The loan officers who knew how to structure a difficult file are the ones who left or were let go when volume dried up. The ones still in seats are good. But there are fewer of them, and the complex files now compete for their attention.
What happens next depends almost entirely on rates.
The mortgage employment story has three possible chapters from here, and which one plays out changes what your next twelve months look like as an agent.
If rates drop meaningfully — even a half-point sustained decline — demand will skyrocket. Buyers who have been sitting on the sidelines since 2022 will rush back in. You know it. I know it. Heck, the buyers out there know it, too.
The problem is that the industry is running on 1997 staffing levels. A demand spike into a skeleton infrastructure will create exactly what nobody wants: long processing timelines, frustrated buyers, deal timelines that blow up, and lenders scrambling to rehire and retrain people they let go two years ago. A rate drop is good news for volume but probably not good news for your transactions in the short term.
If rates stay flat, the current environment will be more of the same. Volume stays suppressed. Lenders continue to operate lean.
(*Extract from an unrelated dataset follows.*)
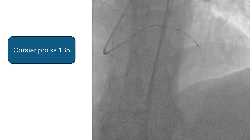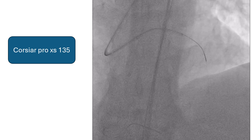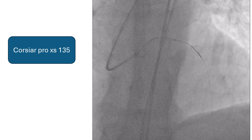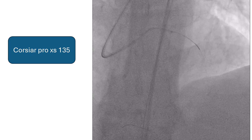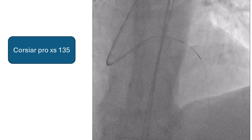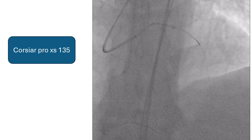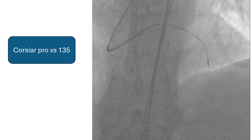We thought that the lesion was not much calcified and that failure of crossability was due to tortuosity inside the lesion. So we used a new Corsair Pro-X 135, and with some manipulation and rotation we were able to cross the lesion. The microcatheter was passed in and out several times to create a track for ballooning.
The market moves slowly, but predictably. Experienced loan officers have capacity, and the buyers who do transact get more attention than they did at peak.
If rates rise from here, the deep freeze deepens. Volume falls further, more capacity leaves the industry, and the gap between what the market could do and what it's actually doing gets wider. Fewer transactions, more competition for listings, and buyers with even less urgency.
The takeaway for your conversations:
When a client asks you why everything feels so slow, or why their lender seems overwhelmed, or why rates aren't dropping fast enough — you now have an answer.
The mortgage industry has contracted to its smallest workforce in nearly thirty years. That is a direct reflection of how frozen transaction volume has been since 2022. It also means the people still doing this work are carrying more than they used to, and the margin for error on lender selection is smaller than it's been in a long time. Choose wisely!
Your job is not to pick their lender. However, if you do have a strong lender you’ve been working with for a long time… it may be in your client’s best interest to take your advice, even if the rate is a little more than they’re finding on bankrate.com or Lending Tree.com.
The experienced loan officer who answers the phone, knows your market, and has closed deals in this environment is not interchangeable with whoever offers 0.125% less. In a 29-year employment low, that difference will likely be the difference between a closed deal and a dead one.